Aim of the task: The lines you should transcribe are those from the one containing "cm CDS_6U6S Deante" to the end of the listing below, exactly, with pictures left out.

── Information supplied

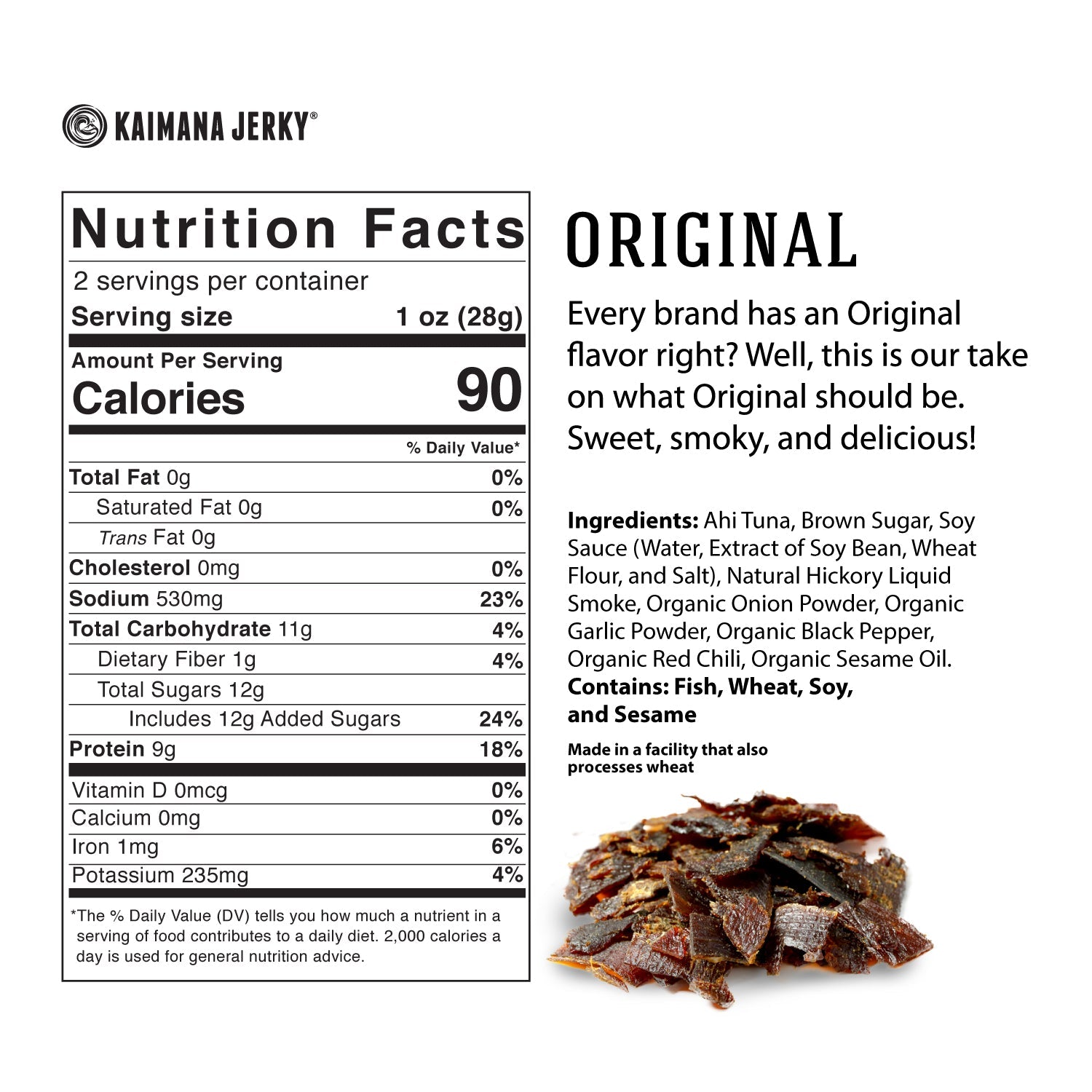 Original Ahi Tuna Jerky (4 Pack)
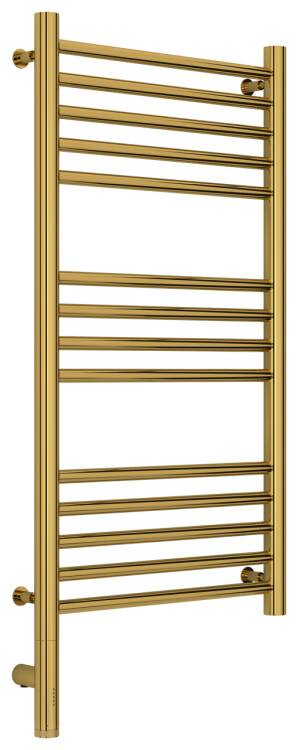 Полотенцесушитель электрический Сунержа Богема 3.0 800x400 мм МЭМ левый золото 03-5804-8040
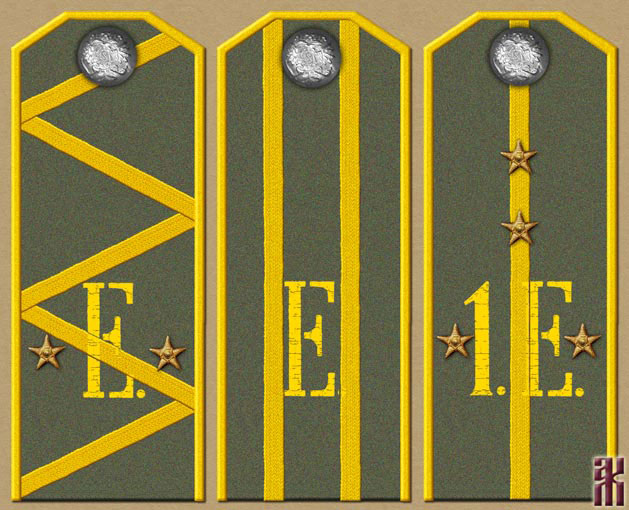 Shoulder-boards of Cossacks in the Far East of Russia 1920
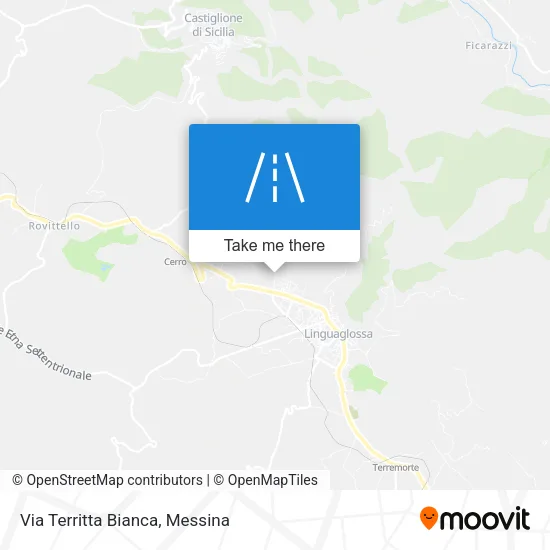 Via Territta Bianca map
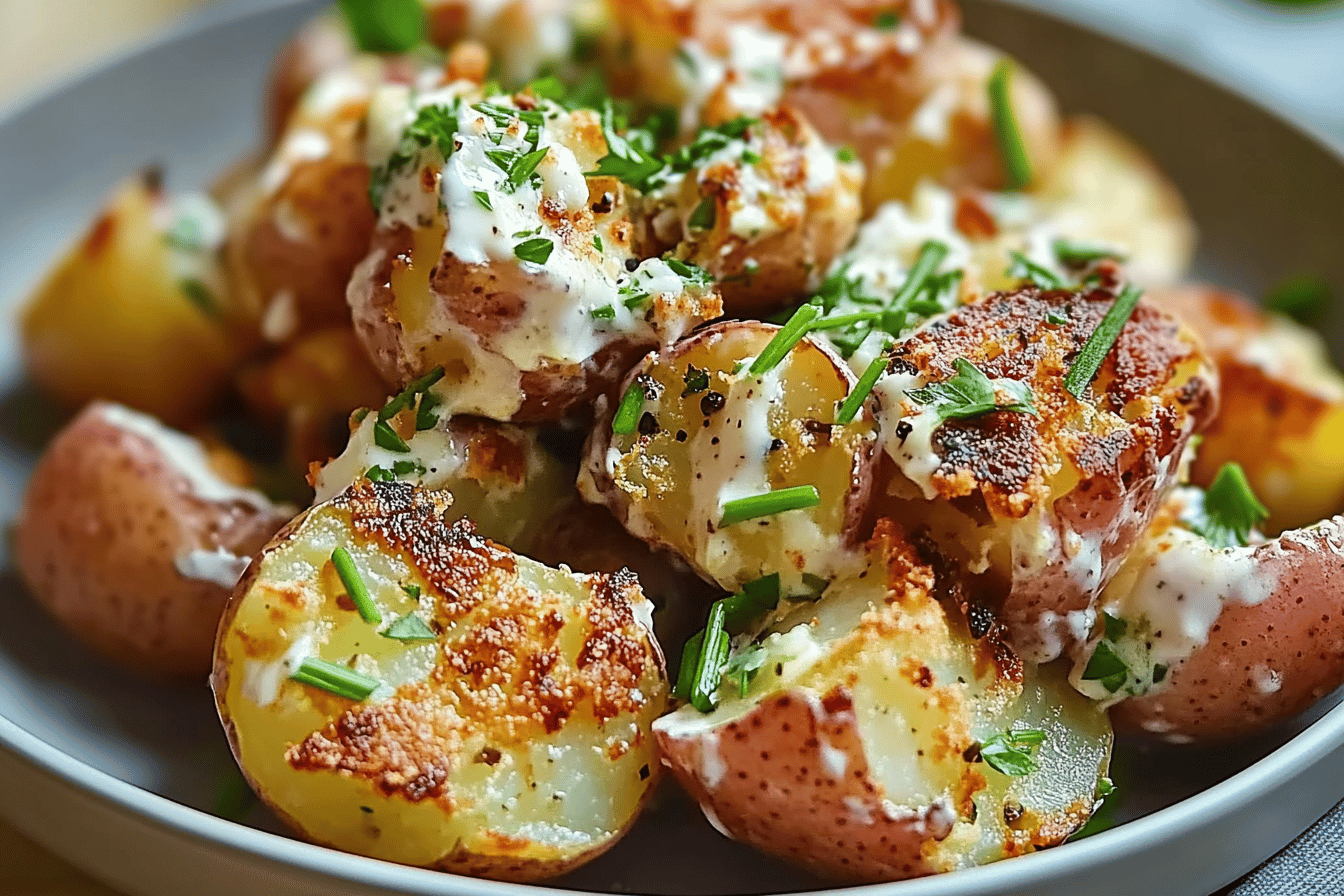 Crispy Smashed Potato Salad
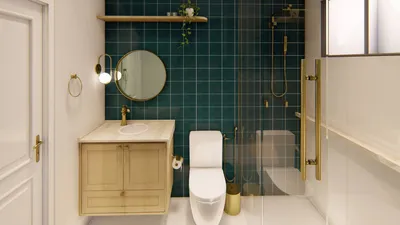 Banheiro planejado com design contemporâneo em Ribeirão Preto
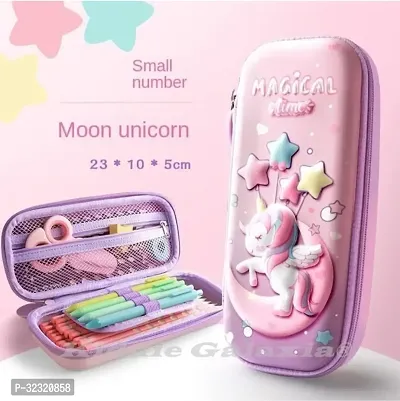 Unicorn Eva Pencil Compass Case Pouch Organizer Students Stationery Box (set of 1)-thumb2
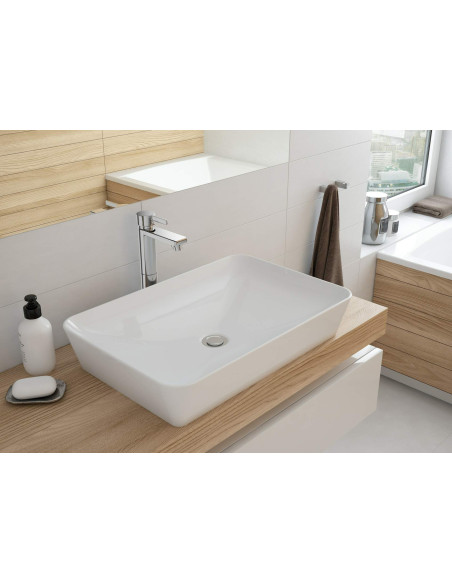 Deante Tess keramikas izlietne, darba virsma - 60x40 cm CDS_6U6S Deante Tess keramikas izlietne, darba virsma - 60x40 cm CDS_6U6S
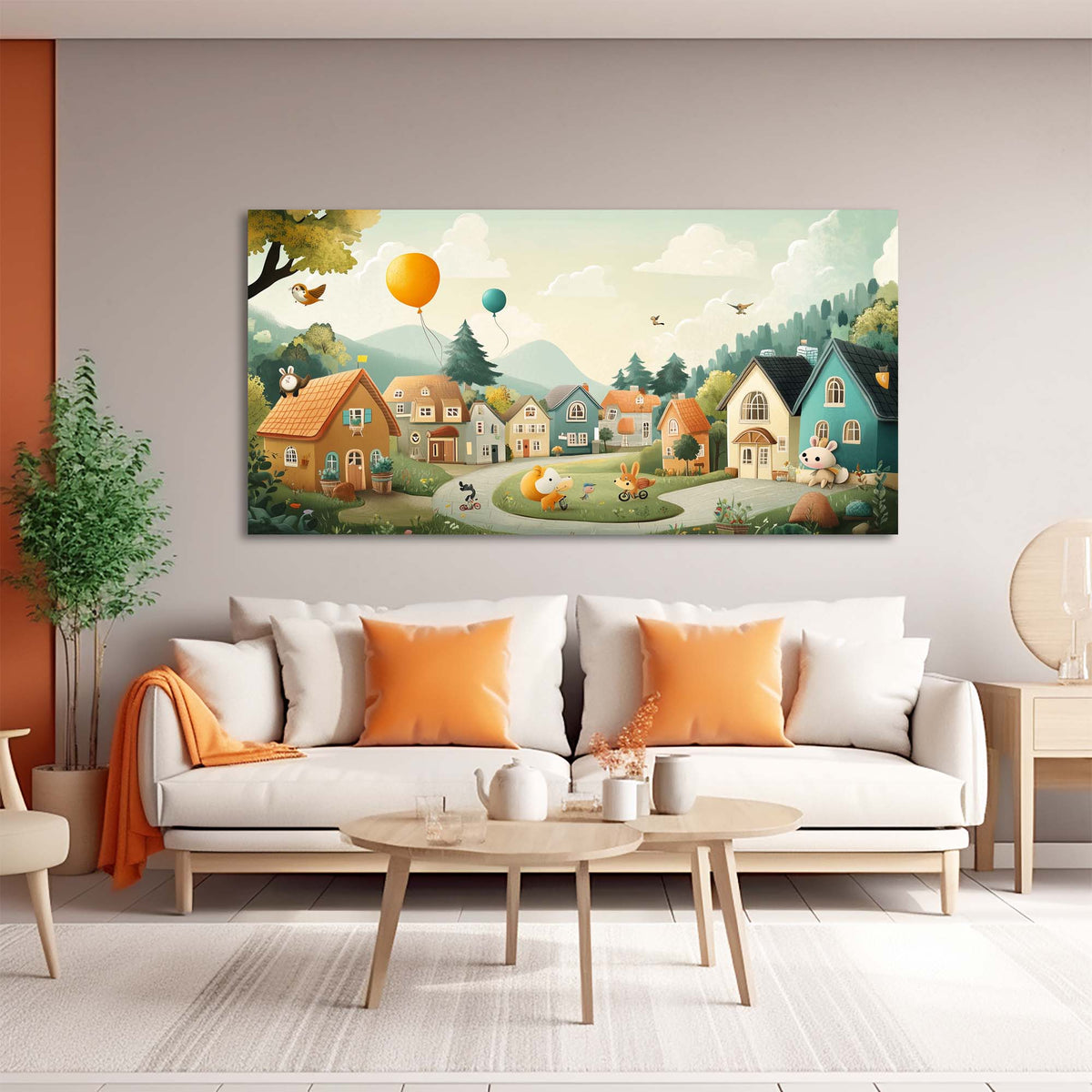 Green Fantasy Fairytale Wall Art Art Deco Painting Prints Canvas Artwork Living Room Family Bedroom Office Decor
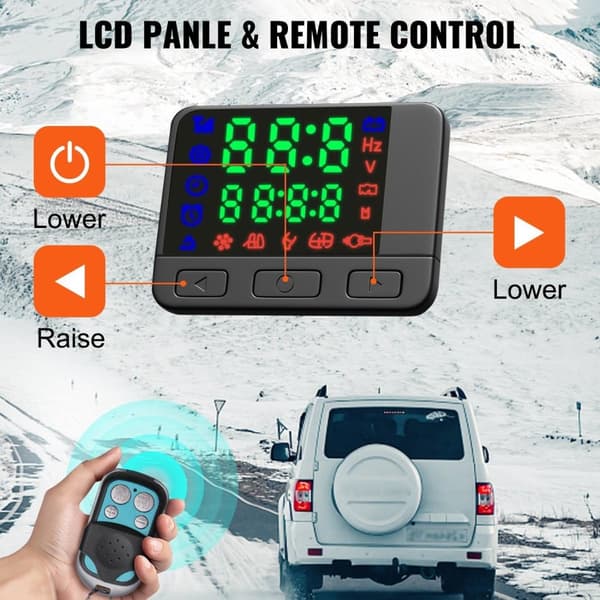 12V 2KW dieselluftvärmare med LCD och fjärrkontroll, energibesparande,lågt ljud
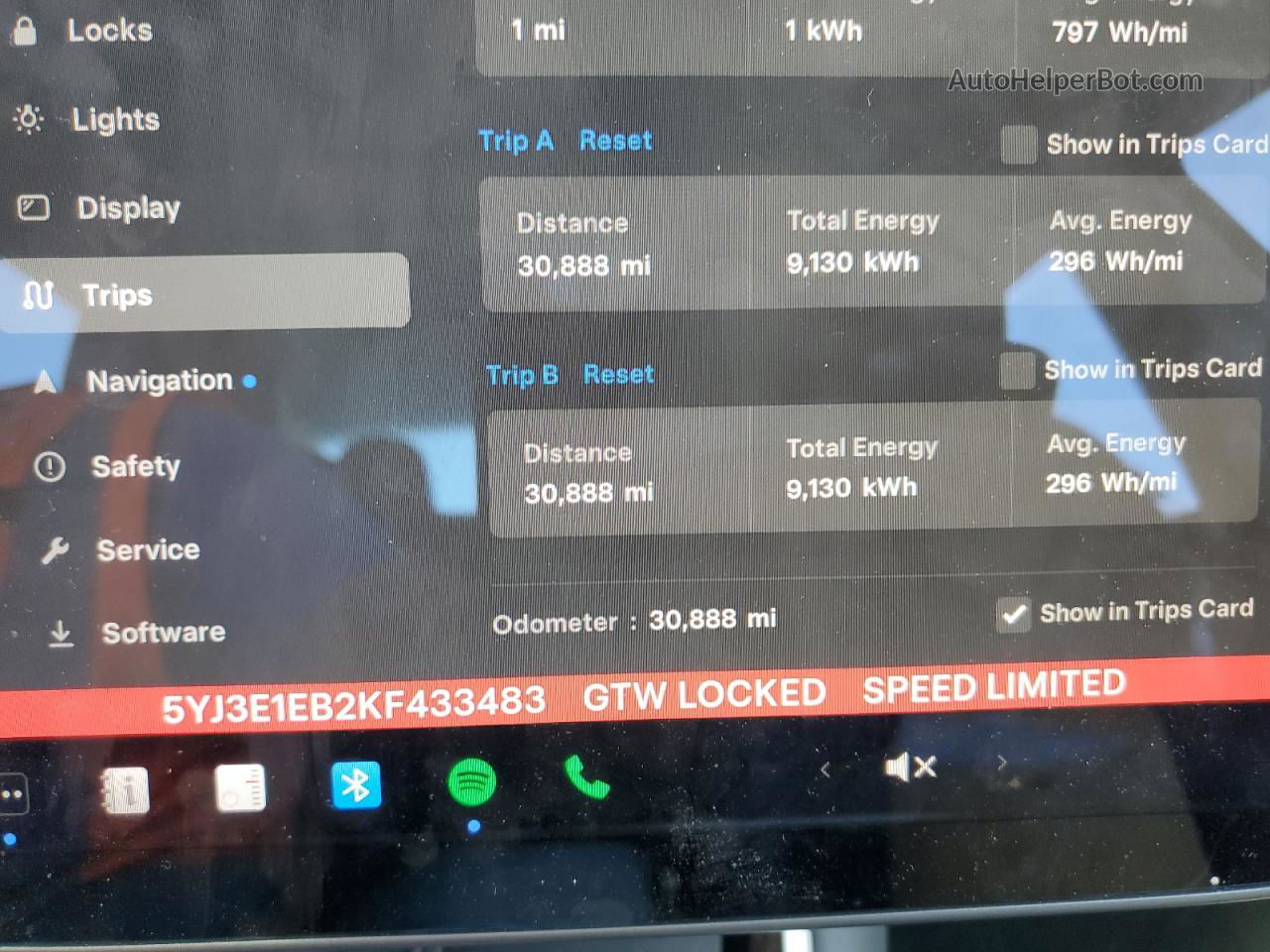 2019 Tesla Model 3  White vin: 5YJ3E1EB2KF433483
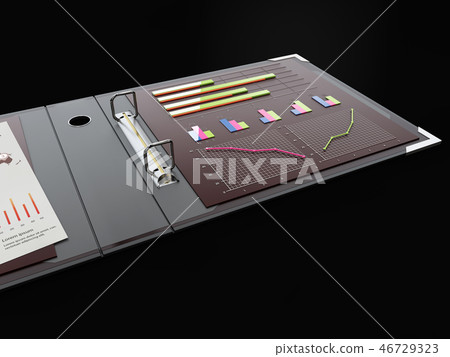 Ring binder folder with charts,  46729323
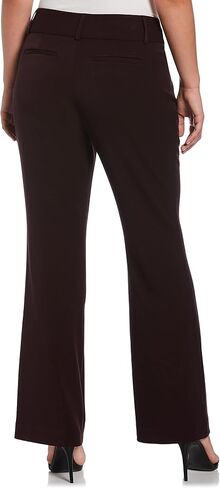Rafaella Women's Petite Curvy Fit Gabardine Bootcut Dress Pants (Size 4-14) in Saudi Arabia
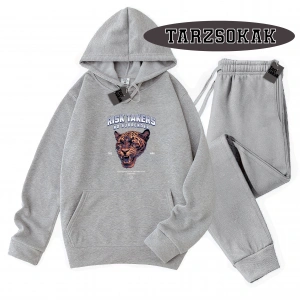 Siyah Kapşonlu Reason Detaylı ikili TAKIM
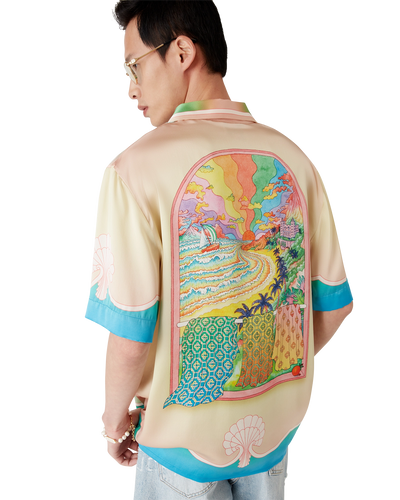 CASABLANCA - Lucid Dreams Silk Short Sleeve Shirt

────

Your response:
 Deante Tess keramikas izlietne, darba virsma - 60x40 cm CDS_6U6S Deante Tess keramikas izlietne, darba virsma - 60x40 cm CDS_6U6S
 Green Fantasy Fairytale Wall Art Art Deco Painting Prints Canvas Artwork Living Room Family Bedroom Office Decor
 12V 2KW dieselluftvärmare med LCD och fjärrkontroll, energibesparande,lågt ljud
 2019 Tesla Model 3  White vin: 5YJ3E1EB2KF433483
 Ring binder folder with charts,  46729323
Rafaella Women's Petite Curvy Fit Gabardine Bootcut Dress Pants (Size 4-14) in Saudi Arabia
 Siyah Kapşonlu Reason Detaylı ikili TAKIM
 CASABLANCA - Lucid Dreams Silk Short Sleeve Shirt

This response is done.